O presidente não confirmou se participará presencialmente da reunião entre a Comunidade de Estados Latino-Americanos e Caribenhos (Celac) e a União Europeia, que ocorre no próximo mês, em Bruxelas, na Bélgica. Se ele não puder ir, afirmou que enviará como representante o vice-presidente Geraldo Alckmin (PSB).
Discurso velho
Wagner Parente, CEO da BMJ Consultores Associados, ressalta que as falas de Lula sobre a Amazônia e a ideia de que o Brasil é o protetor de um bem da humanidade legitimam ainda mais o recebimento de apoio internacional para a preservação da floresta. "É uma mudança importante do discurso de soberania nacional sobre a Amazônia. Acredito ser acertado", avaliou. Em relação ao Mercosul-UE, no entanto, acredita que Lula não logrou o que queria.
"Sou cético quanto à conclusão do acordo. A agenda negociadora do Brasil segue presa, e talvez o melhor seria ampliar o diálogo com possíveis parceiros. Estamos travados no Mercosul-UE. A agenda internacional do governo, sem dúvida, tende a ser mais frutífera que a do governo anterior, mas, em alguns pontos, precisa se atualizar. A equivalência entre Rússia e Ucrânia como uma proposta de não alinhamento com os Estados Unidos não cabe agora.
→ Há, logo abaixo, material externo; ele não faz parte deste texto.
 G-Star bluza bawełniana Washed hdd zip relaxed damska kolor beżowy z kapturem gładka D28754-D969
O mesmo deve ser dito sobre a defesa da Venezuela e a relação com a Argentina", pontuou Parente.
Para Ricardo Mendes, sócio da Prospectiva e responsável pelas operações internacionais da consultoria, a viagem de Lula confirma o discurso do governo de que o Brasil está de "volta ao jogo". "Tanto Dilma Rousseff quanto Bolsonaro tinham uma aversão a esse tipo de exposição. O Lula, assim como Fernando Henrique Cardoso, tem uma natural disposição para a diplomacia presidencial. Não há dúvidas que o Brasil ganha na cena internacional com isso", enfatizou. Porém, observou que o chefe do Executivo continua preso a um discurso de 2002 em relação a temas comerciais e meio-ambiente. "Os países ocidentais esperam mais do que a compostura e o carisma do Lula. E estão ficando frustrados. Esperam uma postura mais firme em relação ao conflito na Ucrânia e mais responsabilidade em relação à agenda do clima, em vez de voltar com o discurso dos anos 1970 de dívida histórica dos países ricos. Até o Papa Francisco pediu para o Brasil ter um papel mais ativo na questão democrática na Venezuela e na Nicarágua", acrescentou Mendes.
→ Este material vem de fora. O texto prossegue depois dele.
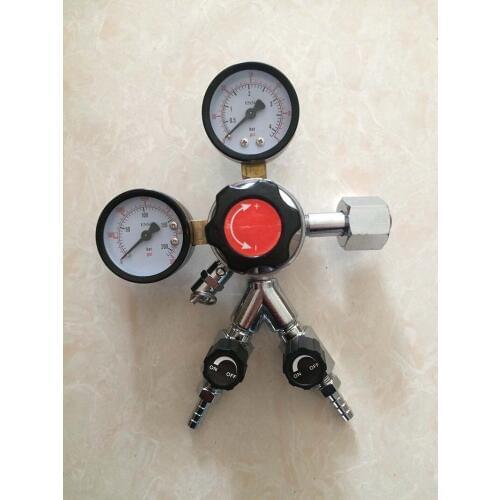 Homebrew CO2 Regulator,High Quality Double Gauge with Double Outlet,CO2 Pressure Reducer for Draft Beer Dispenser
Mariana Cofferri, analista de relações internacionais, lembrou que a calorosa recepção de Lula contrasta diretamente com as rusgas deixadas por Bolsonaro com o presidente francês, fato que revela um impacto positivo na imagem brasileira", disse. Para ela, a visita de Lula à França demonstrou o estreitamento dos laços econômicos e de cooperação entre os dois países, sem que o governo brasileiro deixasse de reforçar a proteção ao mercado nacional e a agenda de sustentabilidade. "Isso pode ser visto de maneira positiva para fomentar a economia local e resgatar o nacionalismo", adicionou. Ela reforçou que a agenda de política externa brasileira vem se mantendo positiva e, pode trazer cada vez mais ganhos, especialmente no âmbito das negociações do acordo Mercosul-UE.